Shortly after beginning to develop the project, Wolfe began dating another Tinder cofounder, Justin Mateen. That relationship quickly spiraled downward, and she found herself fronting a deluge of derogatory text messages and emails when they separated. Deciding to take a stand against the treatment she received, she left the company in 2014 and filed a lawsuit.

Whitney Wolfe’s lawsuit was sensationalized in the media

Although the lawsuit was settled quietly out of court, the internet had caught wind of it and fanned it into sensationalism. Within days, Wolfe found herself the subject of dozens of speculative and derisive news articles. Worse, she began receiving messages from Twitter users threatening her life.

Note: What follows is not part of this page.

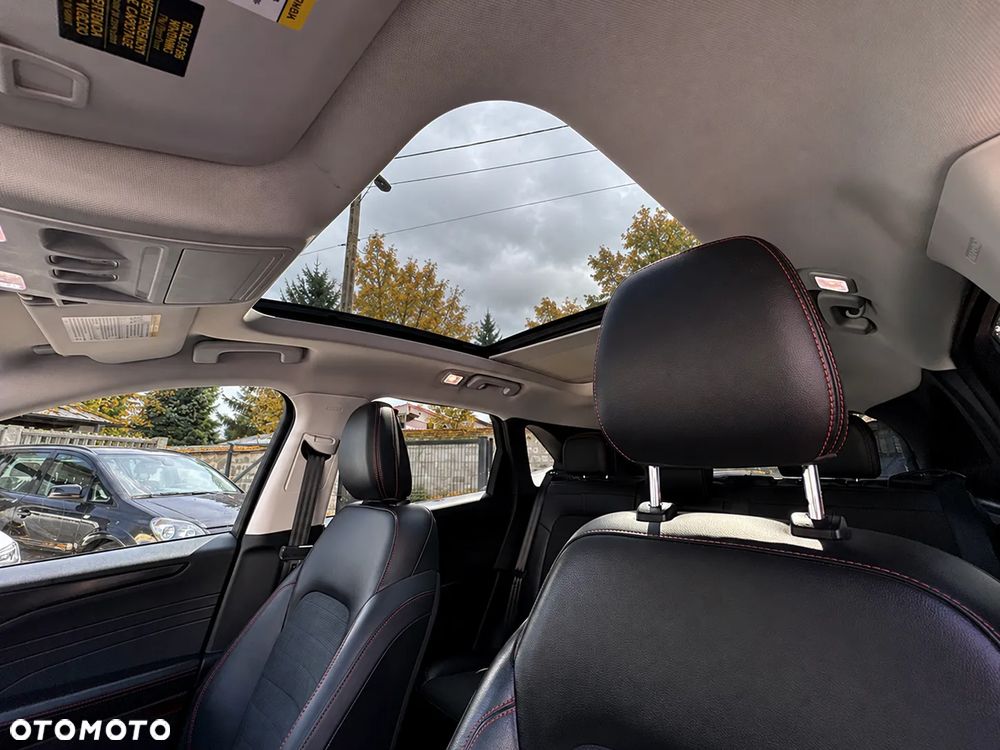 Ford Escape 2.0 EcoBoost AWD Titanium - 18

Deeply rattled, she deleted all her social media profiles and moved to live with her then boyfriend—now husband, Michael Herd—in Texas.

While recuperating from panic attacks and severe anxiety as a result of the onslaught, she began to formulate an idea. What if women had a safe space where they did not have to entertain unwanted male attention? With that idea at the forefront, she developed the beginnings of a plan for Merci, a social networking site for females.

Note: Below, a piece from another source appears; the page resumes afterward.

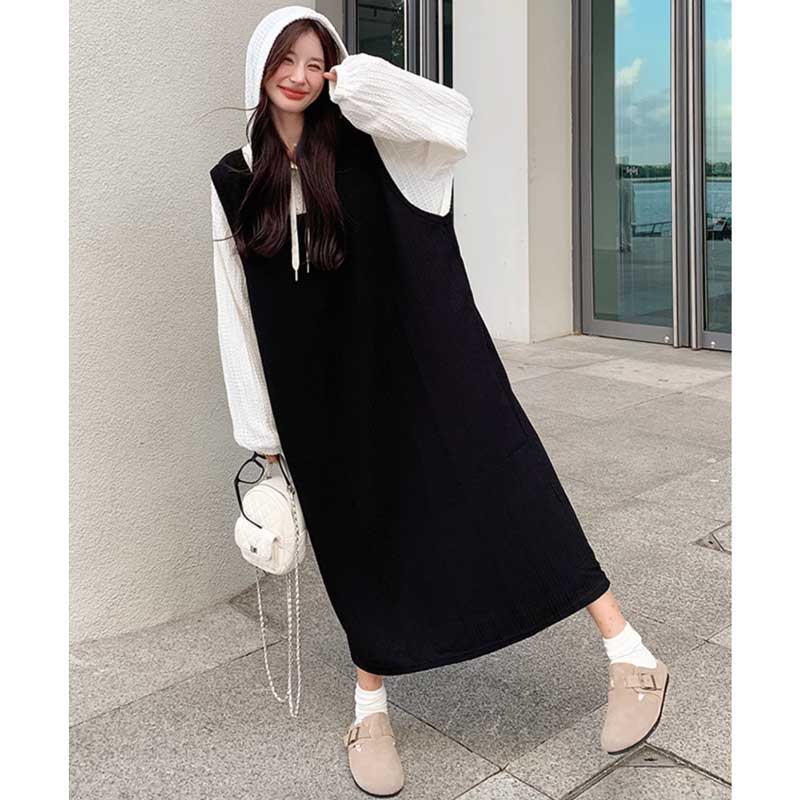 フード付きブラウス×ノースリーブワンピース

Wolfe was approached around this time by Andrew Andreev, the founder of the world’s most successful dating website, with a proposal to create another dating app. She initially declined, still burned out from her experience with Tinder. However, after a few weeks of talking with Andreev back and forth, they realized that her ideas for Merci would translate extremely well to a new dating platform.

Bumble created a safe space for women

Women, despite making up just under half the workforce and population, and despite making over 85% of consumer purchases in the United States, were a largely unserved market in the dating industry. There were countless websites and apps available, but none of them provided a platform tailored specifically to provide a space where women felt comfortable.

Wolfe saw an untapped market as well as a way to help other women avoid the worst pitfalls of online dating, such as unsolicited pictures and cyberstalking. She wanted to create a place where women would be the only ones who could initiate contact, where predatory behaviors were ruthlessly stamped out, and where women felt empowered and secure.

With these ideals, Bumble was born. Andreev offered an initial investment of $10 million and a pledge to fund future growth, and in return took a 79% stake in the company. Wolfe was given a 20% stake and took the helm as CEO.

Bumble caught on like wildfire

Taking the lessons in field marketing learned from launching Tinder, Wolfe and her small team relentlessly pushed the app into public awareness. From a balloon-covered building to walking the streets with branded stickers, they never missed an opportunity to catch the interest of a potential new user. Although the industry experts were heavily skeptical about its premise and ability to succeed, Bumble defied all expectations.

Word of mouth spread the app through college campuses like wildfire. The untapped market of single women proved to not only be incredibly eager, but also be incredibly lucrative. With spectacular speed, Bumble became the fastest-growing social platform in the country. Today, six years after its birth, it has over 100 million users and is second only to Tinder in the US. It currently boasts a growth rate of around 60,000 new users daily.

After a scandal with Andreev that caused him to step down in 2019, Wolfe took over as CEO of Bumble’s parent company, MagicLab. His majority stake was purchased for roughly $2.4 billion, giving the company an estimated valuation of $3 billion. In 2019 its revenue was $240 million and has averaged a growth rate of around 40% each year since it was released.

Whitney Wolfe’s net worth

31-year-old Whitney Wolfe has a net worth of around $575 million. Although, that number may increase significantly in 2021, as the company prepares to go public with an IPO estimated to be between $6 and $8 billion. When she isn’t perfecting and expanding the Bumble brand, she campaigns politically for laws that ban digital harassment.

A natural gift for marketing, a talent for networking, and a powerful work ethic were the only tools Whitney Wolfe had in her belt when she entered the industry. She took them and built an empire, making the world a little better for women along the way.